Abraham bertanya dengan terburu-buru, “Uuh…, apakah rambutku masih bisa tumbuh?”
Tongkat Kuasa langsung mengabaikan pertanyaannya dan menghilang diikuti putaran di dalam layar. Kemudian layar kembali seperti biasa, kartu hitam itu juga keluark dari mesin ATM.
“Hah, kenapa kamu pergi tanpa menjawabnya? Aku sudah bilang itu pertanyaan terakhir, benar-benar tidak sopan.”
Abraham mengeluh sambil mengambil kartunya.
Abraham seketika tidak bisa mencerna semua kejadian ini. Uang 40 juta memang tidak terlalu besar, kalau benar-benar ingin menghabiskannya, dia hanya perlu mentraktir teman-temannya makan di restoran mewah setiap hari, uangnya akan habis dalam 3-4 hari.

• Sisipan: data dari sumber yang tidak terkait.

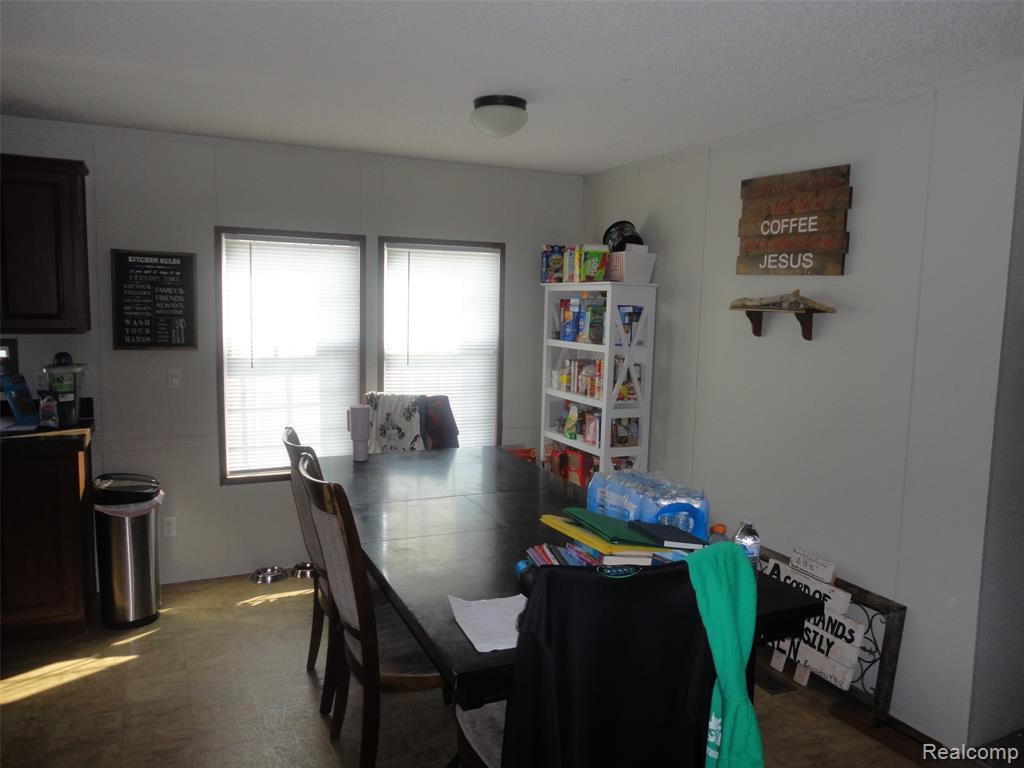955 Cameron Circle Property Photo 6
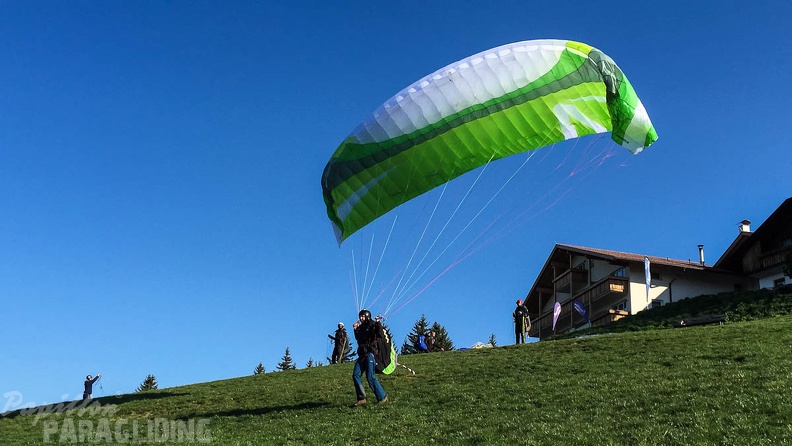 DH17 15 Luesen-Paragliding-1057
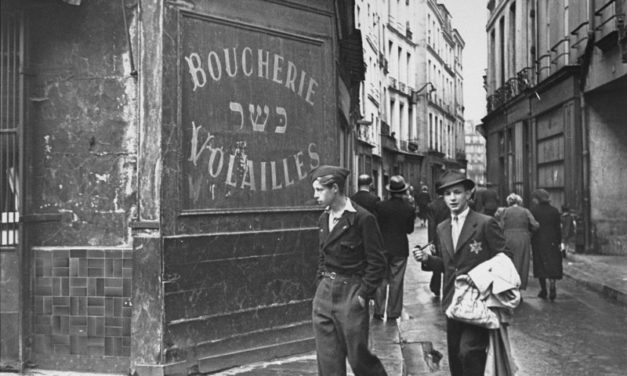 Le  port de l’étoile jaune à Paris vu par la presse collaborationniste – 1942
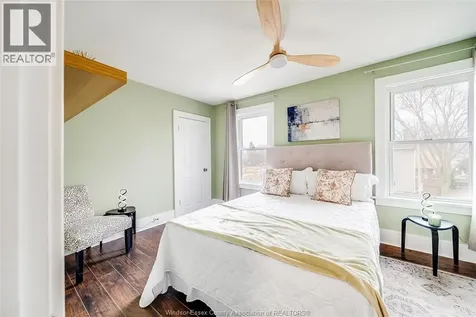 1511 Hall Windsor ON N8X 4R6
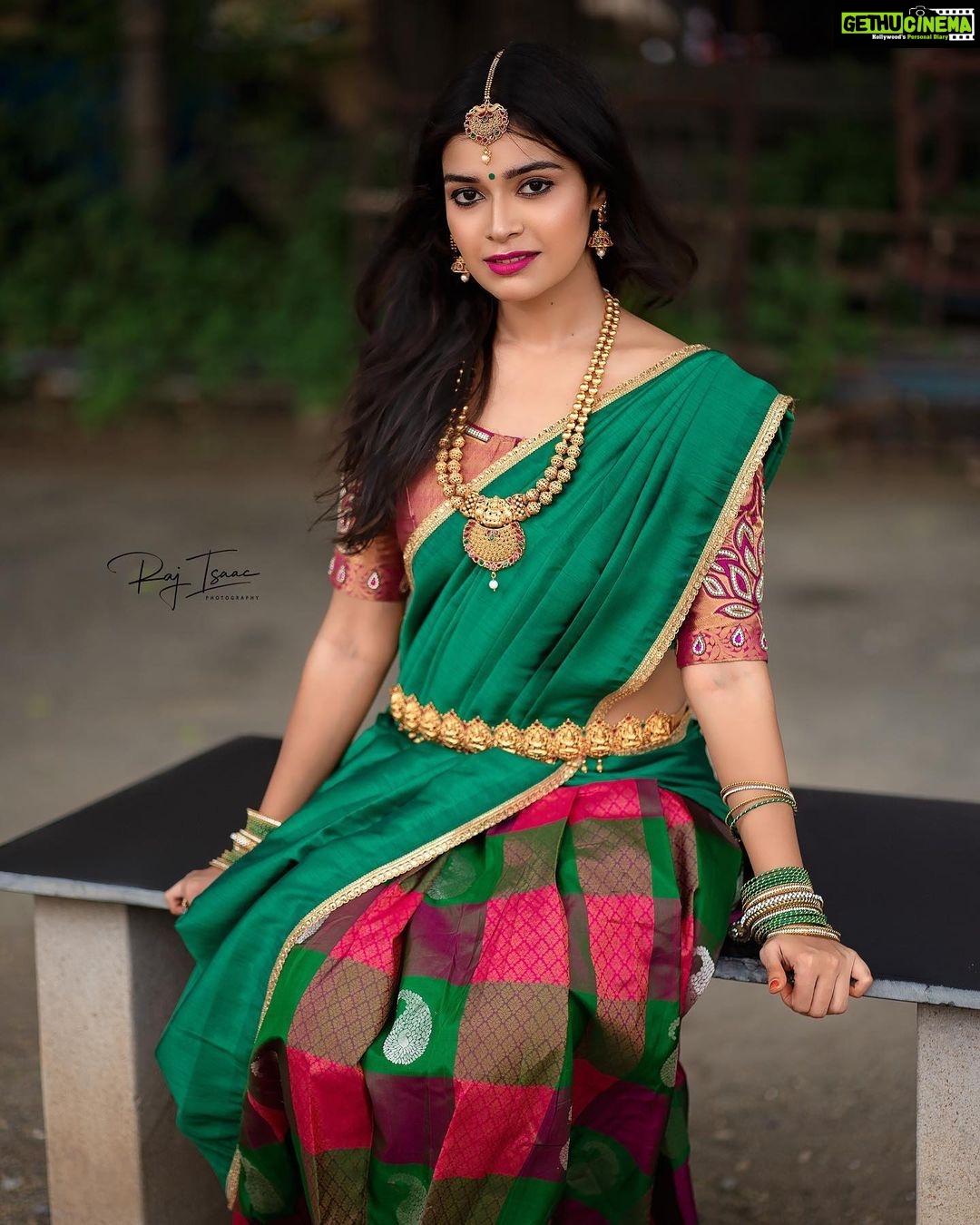 Dharsha Gupta Instagram - 💚💖Traditional love💖💚 . . PC : @raj_isaac_photography 📸 MUA and Costume : @kovai.trendz Jewellery : @rani_bridals_coimbatore Organised by : @arvindkannan_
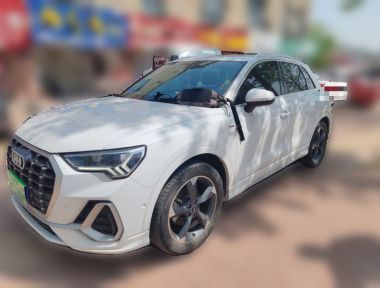 Audi Q3 2022 car image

Lalu, Abraham baru membeli satu set pakaian saja, jadi dia akan membeli baju yang lebih bagus lagi, dengan begitu 40 juta akan habis dengan cepat.
Tapi, dia harus ingat bahwa uangnya tidak boleh dihabiskan secara asal-asalan, karena lain kali tidak akan seberuntung seperti kehilangan rambutnya lagi.
Memegangi kepala botaknya, Abraham pergi dari bank ini dengan suram. Rasa gembira dan semangatnya sudah menghilang, diganti dengan kekhawatiran yang mendalam. Dia masih muda, belum menikmati kehidupan dengan baik, dia tidak ingin mati begitu saja.